As noted in our initial damnation post, trends are the foundation of forecasting, but they are also the foundation of disruption when they change unexpectedly. When it comes to Procurement, the relevant trends may be consumer demand trends, inventory trends, market trends, or any other trend that Supply Management believes will impact its operation. Trends are damming because they are truly can’t live without them, can’t live with them events. Sort of. And we’ll discuss shortly.

First we need to point out that, when it comes to trends, there are two types of trends. Macro-Trends and Mini-Trends. A macro-trend is a large-scale, sustained shift in whatever is being measured. It could be a sustained consumer shift away from landlines to mobile phones as the primary means of voice telecommunication. It could be a sustained shift from overstocked warehouses to just-in-time delivery across retail chains. Or it could be a sustained shift upwards in the value of cotton, rice, coffee, or other staples where demand, and reserves are shrinking.

Mini-trends are emerging trends, often not yet acknowledged by the media or market, that may or may not culminate in large-scale, sustained shifts in the marketplace like their macro-trend counterparts, but are still likely to have a sustained impact over a period of time long enough to be significant and have the potential, in the future, to become, or replace, an existing macro-trend. Good examples of mini-trends that do not culminate in large-scale, sustained shifts are fashion trends — such as bell bottoms, balloon pants, hip huggers, long waistcoats, or any other fashion garment that is here today, gone tomorrow. Examples of mini-trends that became macro-tends are walkmans (that helped the cassette tape industry take off), cell phones (which have migrated from business phone to home phone), and gluten-free food products. Initially, these were all small markets but all are now global.
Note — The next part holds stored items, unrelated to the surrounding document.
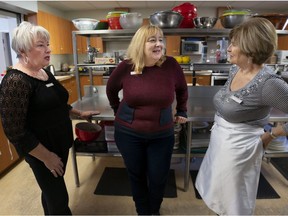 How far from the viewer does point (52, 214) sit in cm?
122

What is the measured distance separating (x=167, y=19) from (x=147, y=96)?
0.87m

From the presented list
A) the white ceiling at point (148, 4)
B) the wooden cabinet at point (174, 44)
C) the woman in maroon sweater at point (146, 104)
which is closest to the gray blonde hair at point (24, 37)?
the woman in maroon sweater at point (146, 104)

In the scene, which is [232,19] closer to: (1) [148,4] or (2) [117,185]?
(2) [117,185]

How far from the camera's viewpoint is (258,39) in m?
1.00

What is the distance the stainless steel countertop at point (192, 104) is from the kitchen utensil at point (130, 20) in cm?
72

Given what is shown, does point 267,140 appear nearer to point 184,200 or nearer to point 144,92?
point 144,92

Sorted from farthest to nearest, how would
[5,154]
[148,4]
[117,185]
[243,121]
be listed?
1. [148,4]
2. [5,154]
3. [117,185]
4. [243,121]

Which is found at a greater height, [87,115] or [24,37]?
[24,37]

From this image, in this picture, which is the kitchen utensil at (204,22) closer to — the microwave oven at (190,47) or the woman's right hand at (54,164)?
the woman's right hand at (54,164)

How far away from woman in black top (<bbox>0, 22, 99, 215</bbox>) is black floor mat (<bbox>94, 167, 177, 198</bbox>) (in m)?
0.70

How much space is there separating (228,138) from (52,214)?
3.48 ft

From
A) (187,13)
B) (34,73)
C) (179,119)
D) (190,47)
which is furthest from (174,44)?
(34,73)

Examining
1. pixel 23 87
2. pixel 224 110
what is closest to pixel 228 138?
pixel 224 110

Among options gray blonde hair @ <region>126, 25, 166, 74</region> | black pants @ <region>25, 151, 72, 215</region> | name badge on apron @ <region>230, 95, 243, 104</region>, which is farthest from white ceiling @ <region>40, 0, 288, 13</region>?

Both can make, or break, a company, and the ability to deal with these trends is what makes, or breaks, a great Procurement organization. But how does Procurement use trends to its advantage?

1. Identify marco-trends early in their lifecycle.

The sooner the organization is aware of a macro-spend, the sooner the organization can begin to insure products are appropriately designed, sourced, and inventoried to support marketing and sales through the macro-trend. The Procurement leader will have to work with the Chief Strategy Officer to select an appropriate market research firm to help the organization identify the appropriate emerging macro-trends, so that Procurement can figure out how the organization will be prepared to deal with the macro-trends when they hit their peak.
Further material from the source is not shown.